If your mind is confused about a concept, your behavior will also be confused.

For example, many people have a big misunderstanding about "trading" - they regard trading as gambling, and ultimately their trading behavior will inevitably be related to "guessing the rise and fall", "betting on the size", and "relying on luck". How to correctly understand trading is the first lesson for a trader.

In the financial market, there are many different behaviors and strategies, with different goals, methods and risks. For example, the familiar "financial management", "investment", "speculation" and "trading" are relatively common financial terms. If you don't understand the difference between them, you may think you are investing, but in fact you are just speculating.

Today we will talk about their differences.

First, let’s get to know them:

Financial management is the management of finances (property and debt) to achieve the preservation and appreciation of finances. In a broad sense, financial management actually includes investment, trading, speculation and other behaviors. If divided by subject, there are generally four types of financial management: company, institution, family and individual.

When it comes to personal financial management, the most familiar thing is bookkeeping, such as personal WeChat bookkeeping, which records what types of changes have occurred in funds through WeChat. From the classification, we can view the income and expenditure of funds in various aspects, and then manage funds, develop good consumption and savings habits, and achieve some long-term goals. Financial management is relatively easy to understand. Below we will mainly talk about investment, trading and speculation.

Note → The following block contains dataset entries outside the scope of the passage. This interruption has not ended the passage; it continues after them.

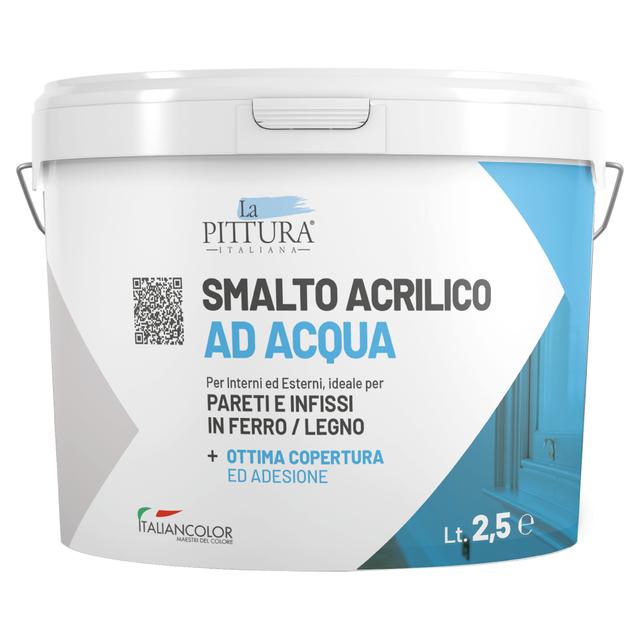 SMALTO AD ACQUA OPACO LPI 2,5 l BIANCO RESA 10-12 m²/l PRONTO USO | Tecnomat SMALTO AD ACQUA OPACO LPI 2,5 l BIANCO RESA 10-12 m²/l PRONTO USO - 2 | Tecnomat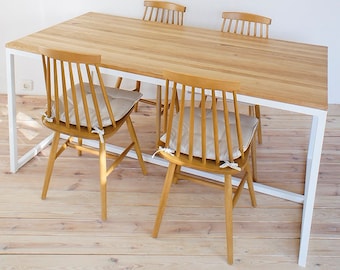 Table, dining table, office desk, "Industrial Oak Dining"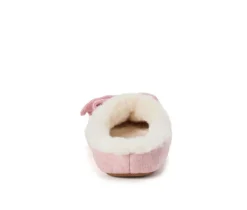Dearfoams Women's Josie Knit Bow Slippers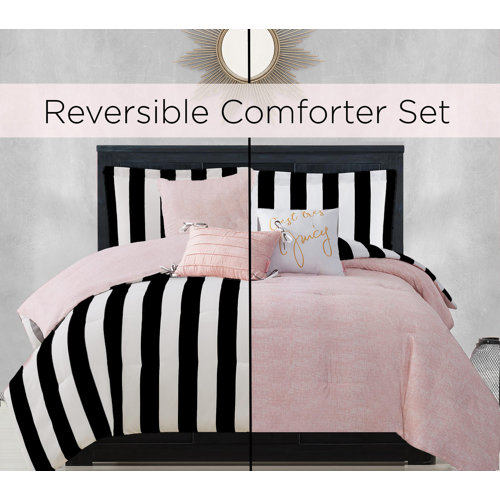 Juicy Couture Cabana Stripe Reversible Comforter Set And Reviews Wayfair 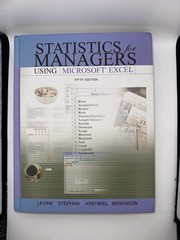 Statistics for Managers Using Microsoft Excel by Mark L. Berenson, (2007)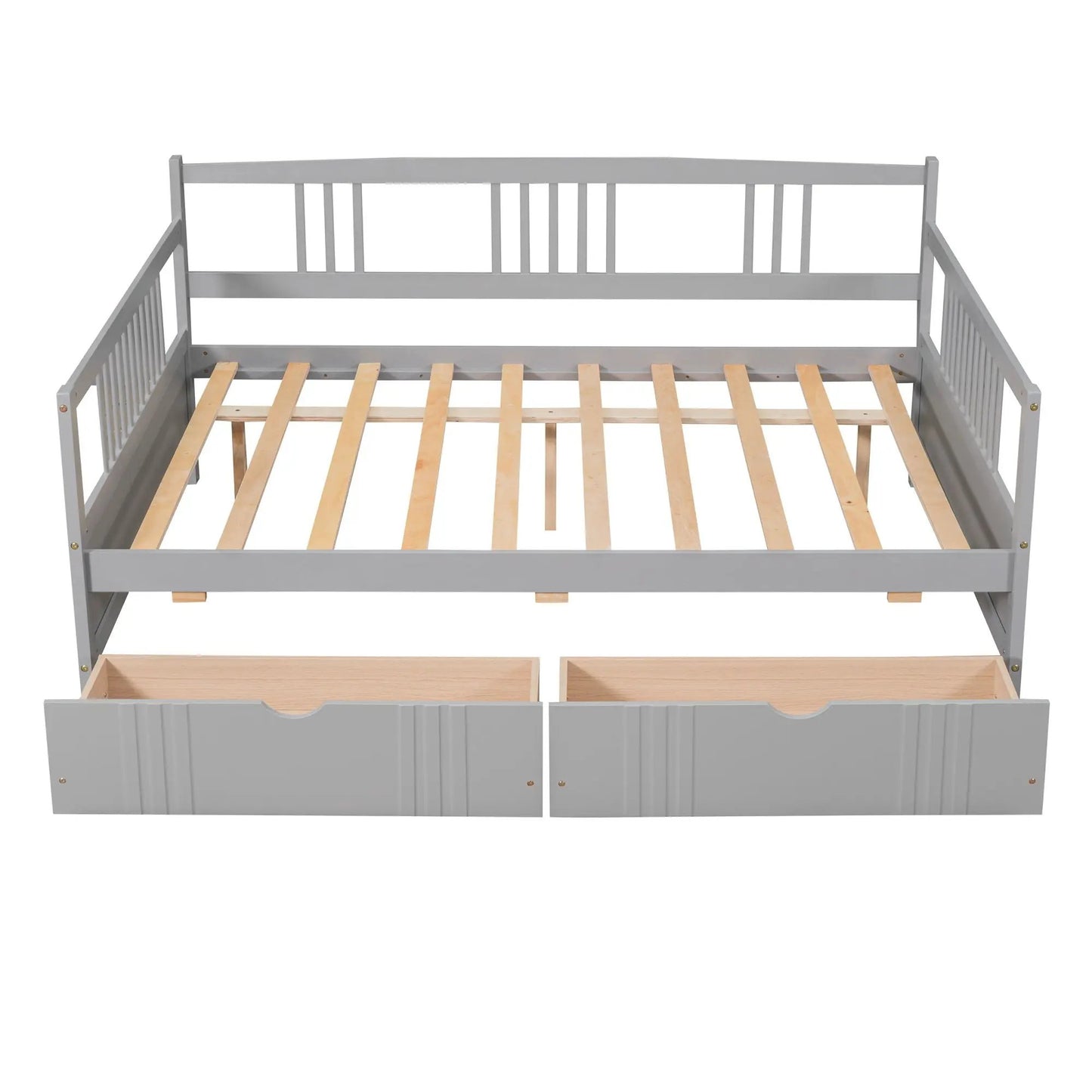 Multifunctional Modern Daybed by Unique Piece Furniture in gray metal with storage drawers on Tampa Home & Garden Store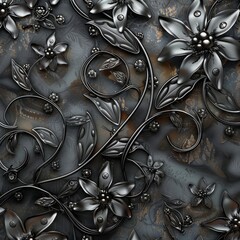 Mechanical Floral Pattern for Industrial Design Generative AI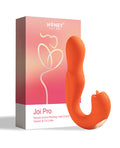 Joi Pro Rotating Head G-Spot Vibrator & Clit Licker w/Remote - Orange (5)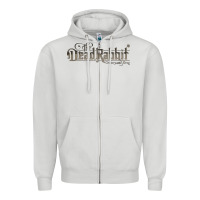 Dove Grey the dead rabbit Zipper Hoodie - linhVisuals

Investment is the process of converting money into capital, that is, investing money in those valuable and growing targets, and obtaining corresponding profits through the appreciation of their own value. For example, investing in company stocks to earn dividends, investing in bonds, investing in equity, earning interest on deposits, investing in real estate, etc., all fall into the category of investment.

The most important point here is that investors focus on the long-term value of industries and underlying assets.

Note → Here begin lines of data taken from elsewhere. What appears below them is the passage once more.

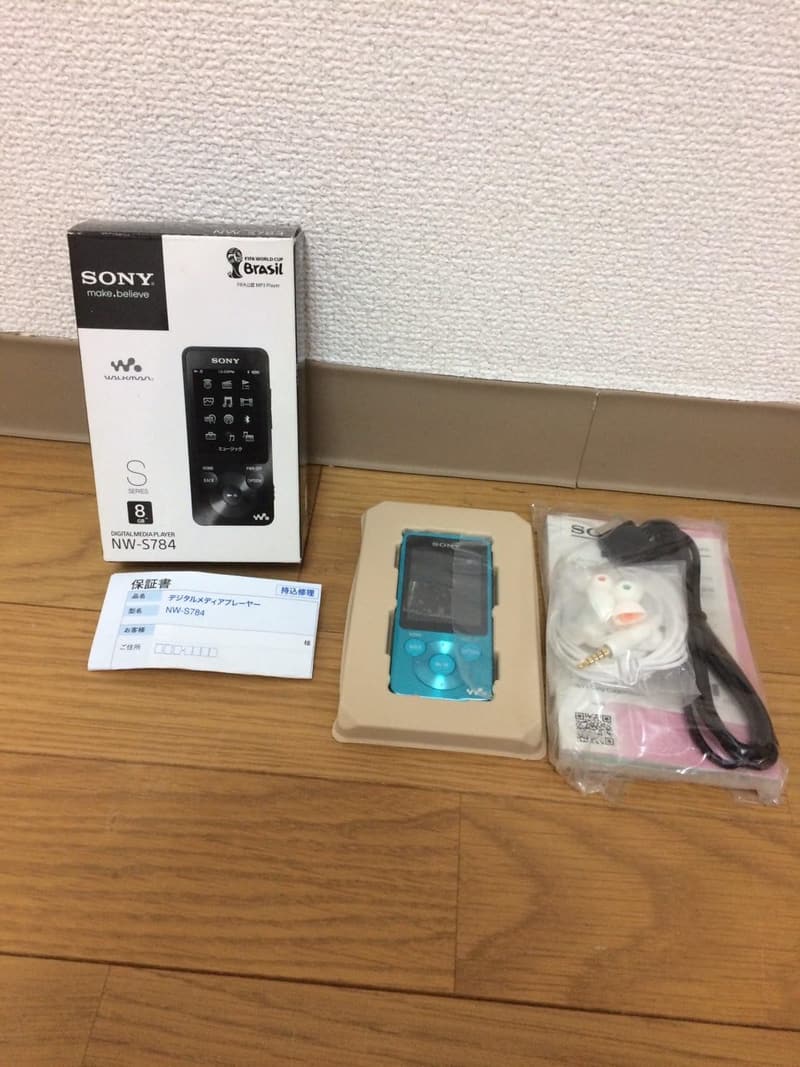SONY ウォークマン Sシリーズ 8GB ブルー NW-S784/L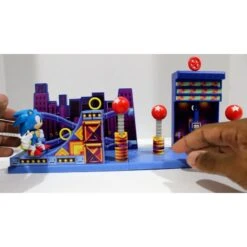 Sega Sonic Studiopolis-leikkisetti -Muovi Ja Lelu US Sega Sonic Studiopolis leikkisetti 1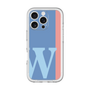 Slim Protection Premium Case［ オリジナル - initial color line - W blue ］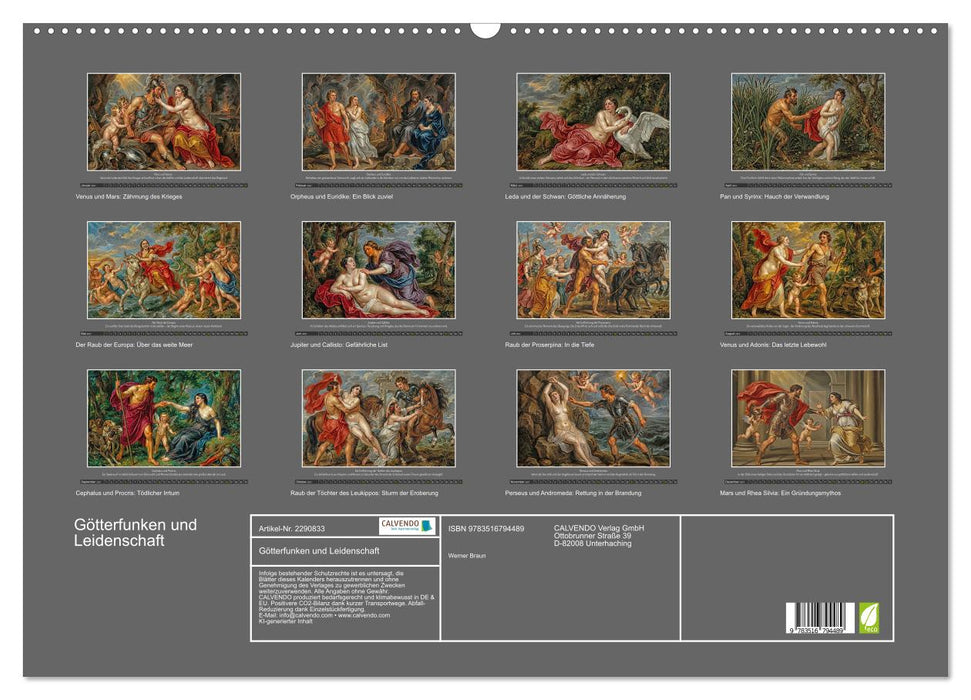 Götterfunken und Leidenschaft (CALVENDO Wandkalender 2027)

Transactions are prevalent in our daily lives. In a broad sense, buying a bottle of mineral water or going to a restaurant for a meal are all transactions, but here we are only discussing financial transactions in a narrow sense, which refers to the behavior of buying and selling various financial assets in the financial market, such as stock funds, options and futures, commodity contracts, foreign exchange transactions, etc. Through technical indicator analysis and the execution of trading strategies, we can earn the difference in capital price fluctuations.

Speculation is a behavior that seeks short-term profits, usually related to short-term market fluctuations. Speculators usually buy and sell based on short-term market changes to obtain quick profits. Speculation and trading have something in common: focusing on prices and earning the difference in asset price fluctuations.

The difference is that trading is the execution of an established strategy system with a strict entry and exit mechanism; while speculation generally has no fixed system and is more subjective and random, which is what we usually call "trading by feeling."

Well, here we can actually roughly understand their differences, but just looking at the definition is not enough. Next, let's look at their differences from several other aspects.

1. Generate motivation. Is buying stocks necessarily an investment?

Not at all!

This is related to your motivation for buying: If you buy because its value will rise in the long term, and you focus on the relationship between value and price, then it is investment; if you know through technical indicator analysis that its price starts to fluctuate, and then execute it according to your own system, then it is essentially trading; if the transaction is simply made because of price fluctuations, without a systematic execution, and you believe that it will rise based on subjective feelings, then it is essentially speculation.

2. Characteristics of the subject matter

For investment, the subject of investment generally has its own value, such as the company stocks, bonds, real estate, etc. mentioned above. These subject matters may increase in value over time and with the development of the industry. For example, housing prices can rise due to the development of the city, and companies can increase profits due to good management, thereby realizing the value-added of investment. Trading and speculation pay more attention to the price of the subject matter and the factors that affect the price. For example, the so-called "air coins" such as DOGE and SHIB that are common in the digital currency market do not have value when they are issued, but because of their popularity, consensus, and strong publicity, they have attracted a large number of followers to buy, resulting in a rapid increase in the price of the coin, thereby realizing profits from trading and speculation.

3. Transaction cycle

The investment cycle is longer than speculation and trading. Buffett once said: If you aren’t willing to own a stock for ten years, don’t even think about owning it for ten minutes. In other words, if you don’t think about holding a stock for ten years, don’t even think about it. So in the eyes of the stock god, the investment cycle should be calculated in “years”.

Trading and speculation are different. Their cycles can be long or short. Usually, dozens or even hundreds of transactions can be made in a year. Short-term traders can even generate dozens of transactions every day. They pay more attention to price fluctuations. As long as fluctuations occur within the holding period, they have the opportunity to profit.

Let’s stop here for today and make a summary at the end of the article. Let’s first understand what financial management, investment, trading and speculation are from the definition, and then understand their differences from three aspects respectively, and how to identify our own decision-making type.

Finally, before every trade, ask yourself:

“Are you investing, speculating, or trading?”